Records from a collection

== Segment start ==

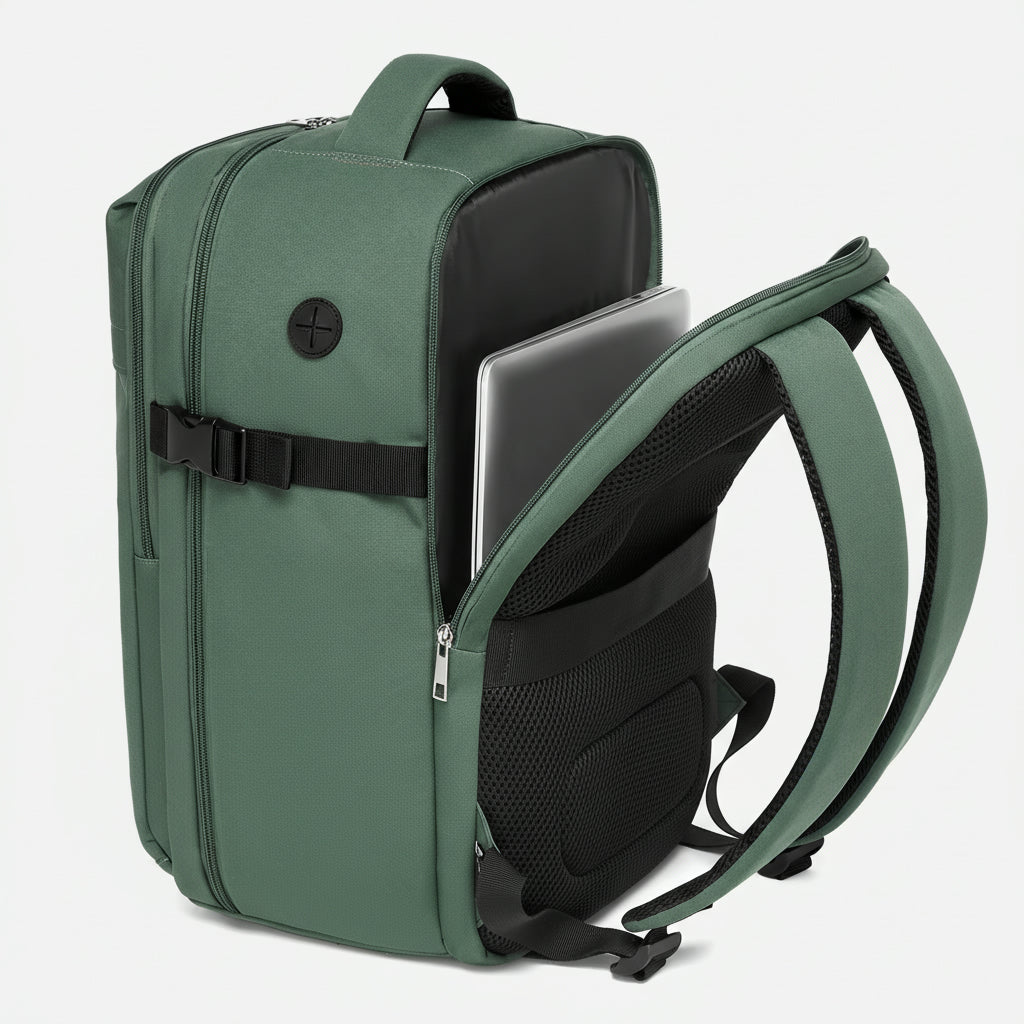 Sac à dos vert sauge ouvert montrant le compartiment laptop et le dosseret rembourré en mesh aéré
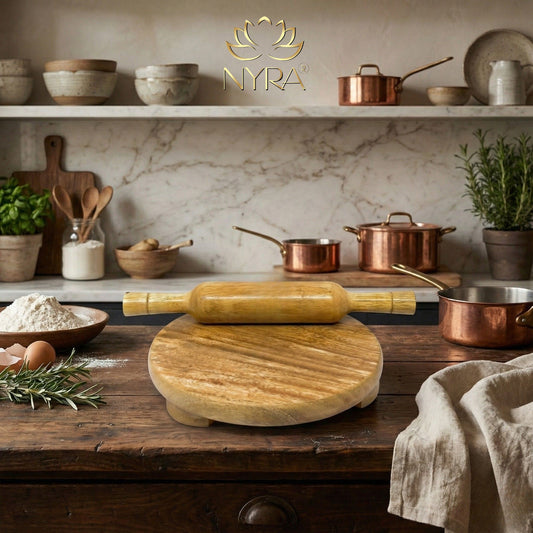 Wooden Belan and Chakla Set for Kitchen | Rolling Pin and Board for Roti, Paratha, Chapati Making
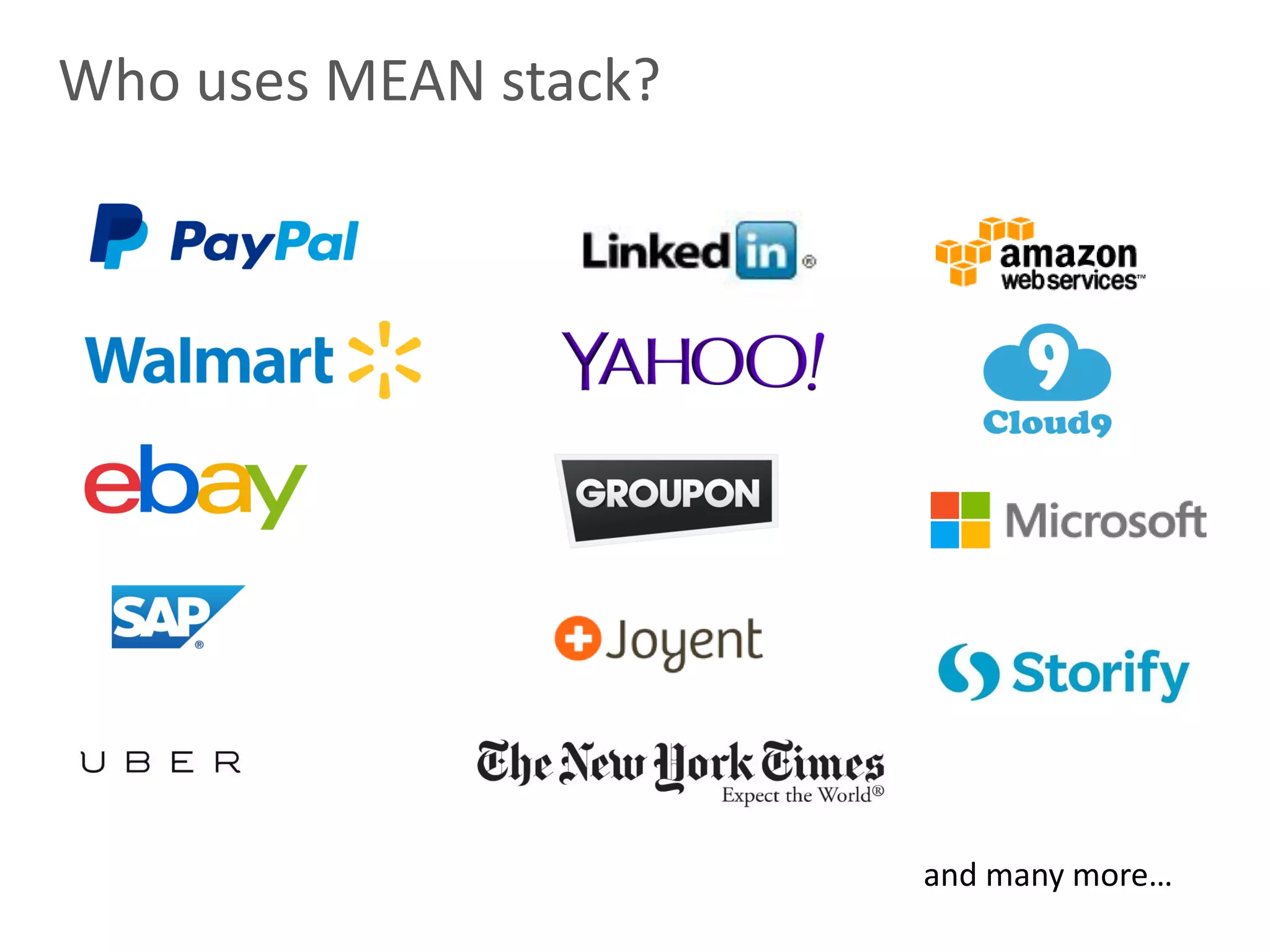 10
Who uses MEAN stack?
and many more…
 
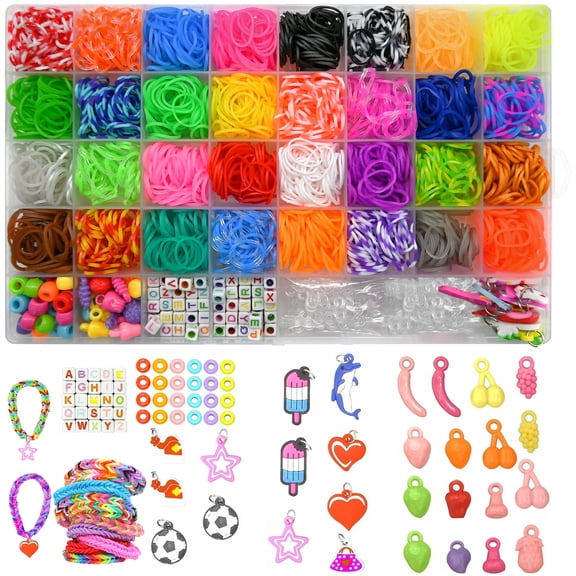 2500  Rubber Band Bracelet Kit, Meafeng 32 Colors Loom Bracelet Kit, Friendship Bracelet Making Kit for Girls 8-12, Craft Gift for Girls Creativity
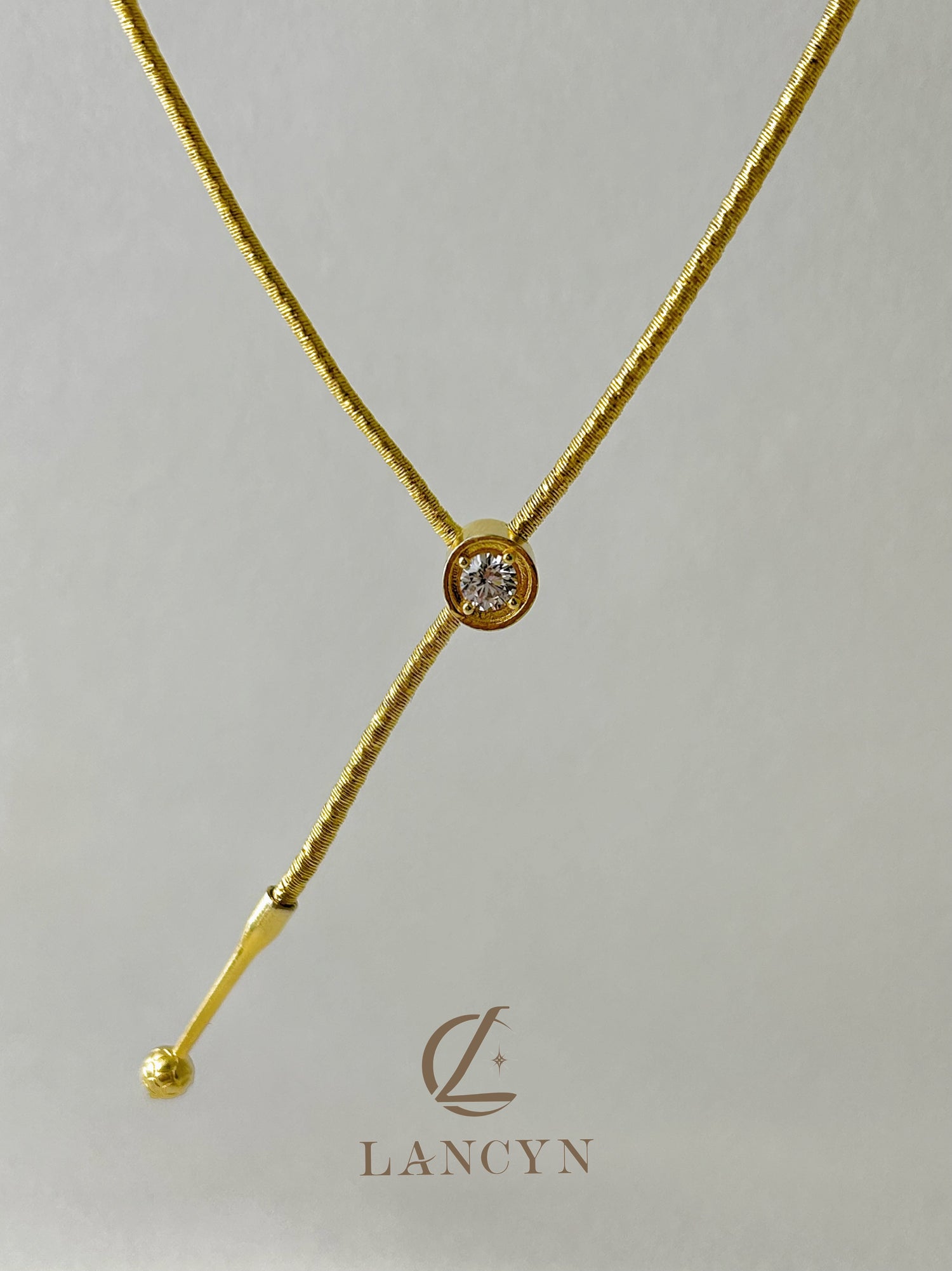 Aureate Slider Solitaire Crystal Necklace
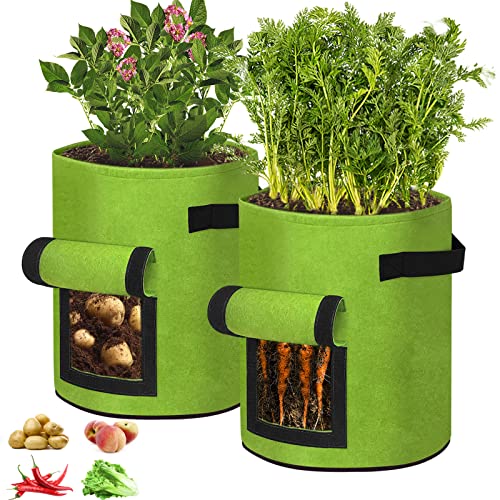 YRHome 2 Stück Pflanztasche Kartoffeln Pflanzen Tasche 7 Gallonen Pflanzsack Kartoffelsack Pflanzbeutel Vliesstoff Tomaten Pflanztopf mit Klettfenster Griffen für Blumen Kartoffeln Pflanzen Grün von YRHome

== Segment end ==

Please output all of the entries exactly as they appear, with no pictures.

 Sac à dos vert sauge ouvert montrant le compartiment laptop et le dosseret rembourré en mesh aéré
 Wooden Belan and Chakla Set for Kitchen | Rolling Pin and Board for Roti, Paratha, Chapati Making
 10
Who uses MEAN stack?
and many more…
 
 2500  Rubber Band Bracelet Kit, Meafeng 32 Colors Loom Bracelet Kit, Friendship Bracelet Making Kit for Girls 8-12, Craft Gift for Girls Creativity
 Aureate Slider Solitaire Crystal Necklace
 YRHome 2 Stück Pflanztasche Kartoffeln Pflanzen Tasche 7 Gallonen Pflanzsack Kartoffelsack Pflanzbeutel Vliesstoff Tomaten Pflanztopf mit Klettfenster Griffen für Blumen Kartoffeln Pflanzen Grün von YRHome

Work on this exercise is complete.